O problema, explica Erasmo, é que “virou um hábito” queimarem casas sem ninguém ser investigado e punido. “Já foram umas três casas queimadas nos últimos meses”.
Imagens mostram também a destruição da casa do agricultor José Pereira de Oliveira, 59 anos, em outubro de 2020. “Queimou tudo, as plantações, queimou barraco, queimou tudo. Eu só quero que a justiça tome providência disso aí que tá fazendo cinco meses e até hoje eu não vi um resultado”, reclama. Ele se refere à sentença que poderia botar um ponto final ao conflito.
Segundo o agricultor, ele teria visto “um vaqueiro do senhor Antônio Borges Peixoto” saindo do local quando do incêndio de sua casa.

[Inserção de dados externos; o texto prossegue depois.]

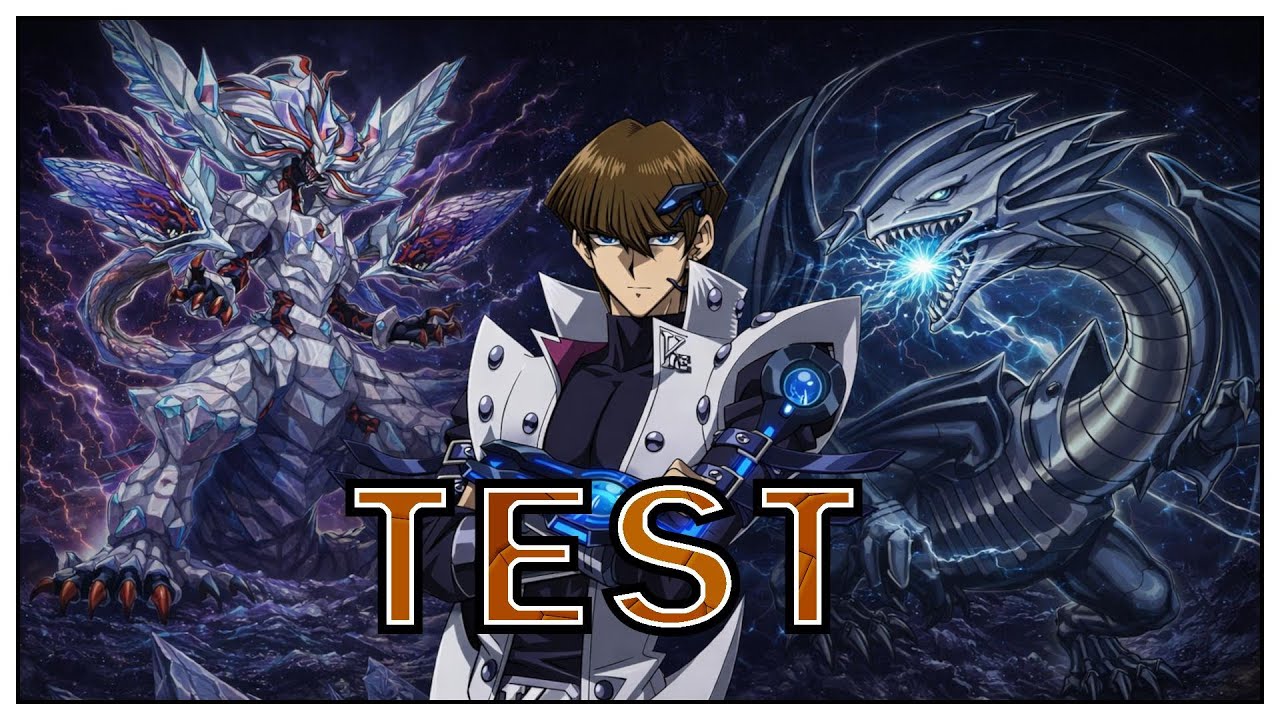 [Deck Profile] Kaiba : Yeux Bleus / Albaz (post. LOCR)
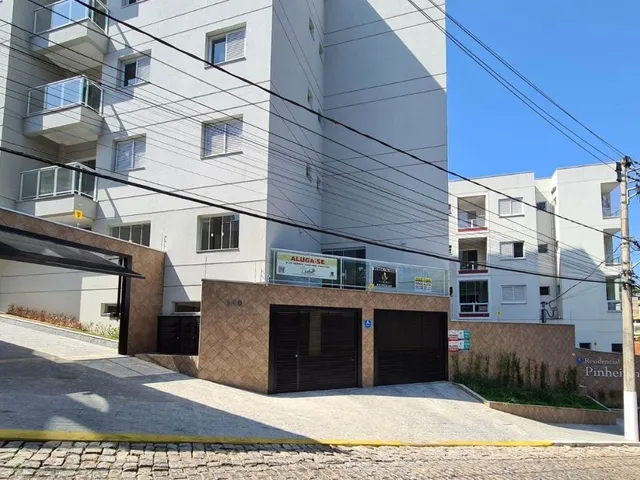 Imagem 16: Apartamento à venda em Itajubá-MG, bairro Cruzeiro: 2 quartos, 1 suíte, 1 sala, 2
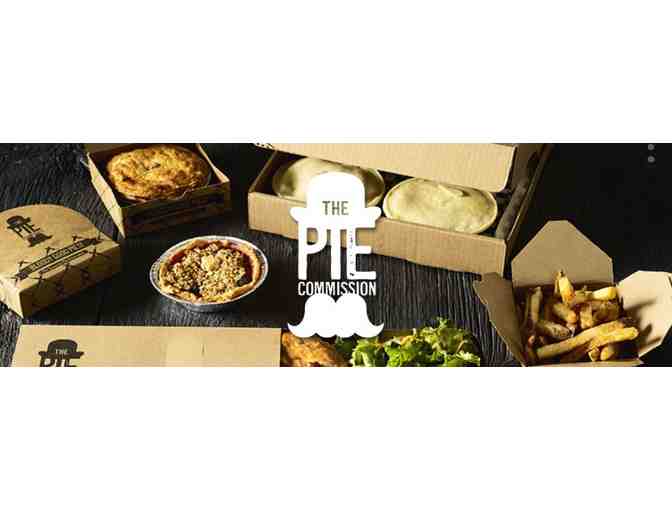 The Pie Commission Gift Certificates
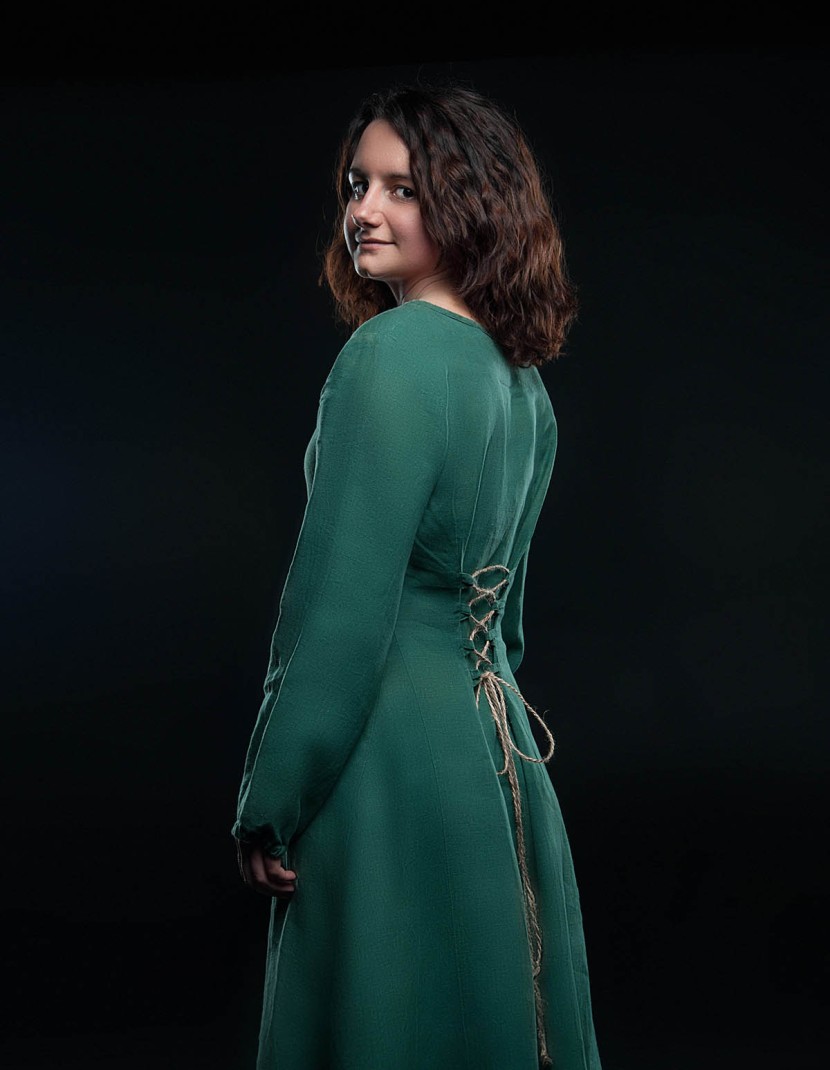 Medieval peasant dress "Sun" photo made by Steel-mastery.com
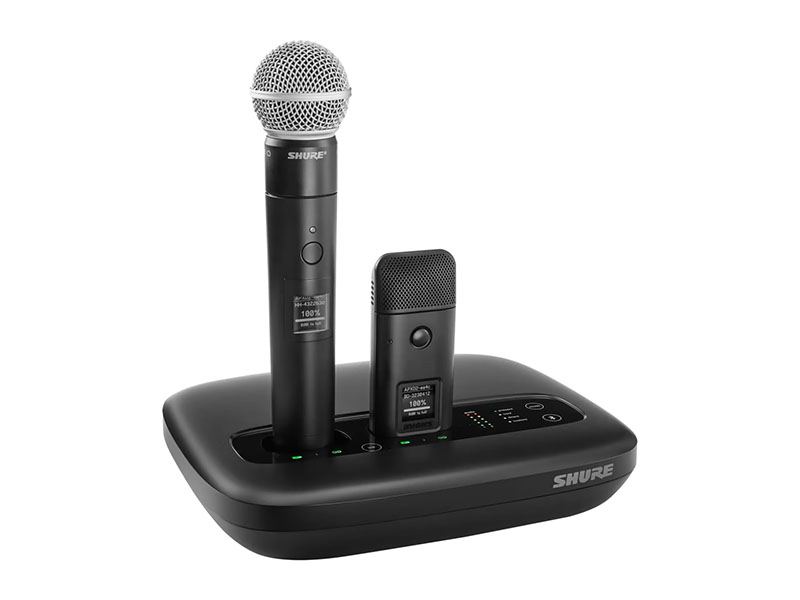Shure Microflex Wireless neXt 2 (MXW NeXt 2)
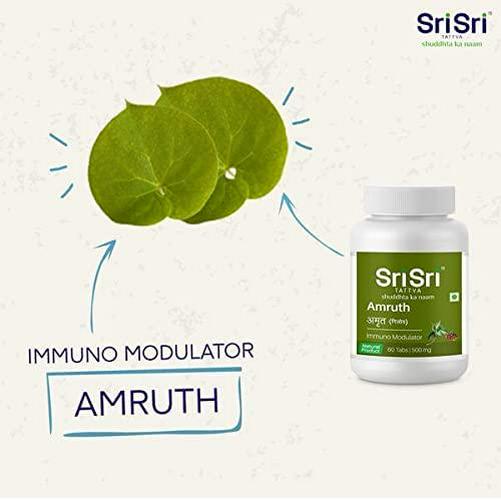 Amruth, 60 Tabs | 500MG
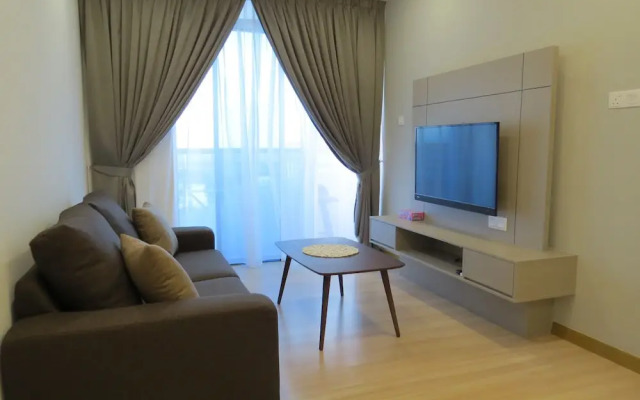 The Wave Residence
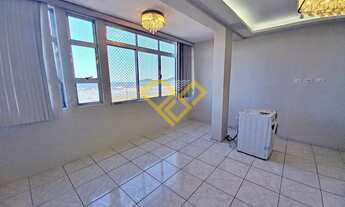 Imagem 3: Apartamento para aluguel, 2 quartos, 1 suíte, 1 vaga, Pompéia - Santos/SP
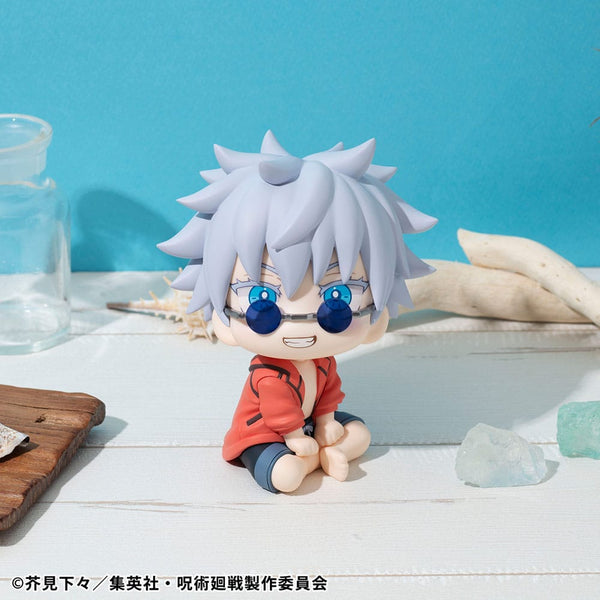 Jujutsu Kaisen - Satoru Gojo: Okinawa Ver. - Look Up PVC Statue (11 cm)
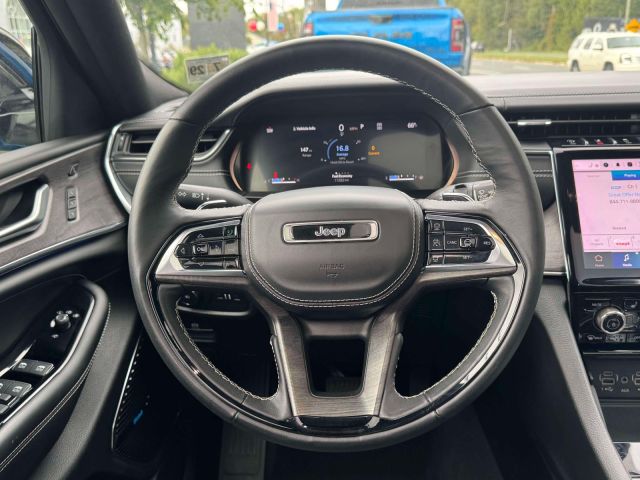 2024 Jeep Grand Cherokee Overland 4x4 2024 Jeep Grand Cherokee Overland 4x4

“Eu vi um vaqueiro do Peixoto, moreno, magro, alto. Ele saiu se despistando com conta que não era ele. A 100 metros era a cerca da divisa nossa com seu Antônio Peixoto. Ele montou no burro e saiu gritando o gado disfarçado mas não adiantou o disfarce dele por que foi ele que saiu de lá da residência”, denuncia.
Sua companheira, dona Baiana, desabafa: “Eu estou querendo receber o que foi destruído da minha casa, por que não tem condições de deixar uma velha de 60 anos só com a roupa do corpo. Eu nunca fiz nada de mal, tô querendo é conseguir meu pedaço de terra pra mim trabalhar. Eu não tô roubando, eu tô trabalhando em cima da terra. Que vocês tomem providência enquanto é cedo. Se tem justiça, eu quero justiça”.
A reportagem não localizou o fazendeiro Antônio Borges Peixoto até a publicação.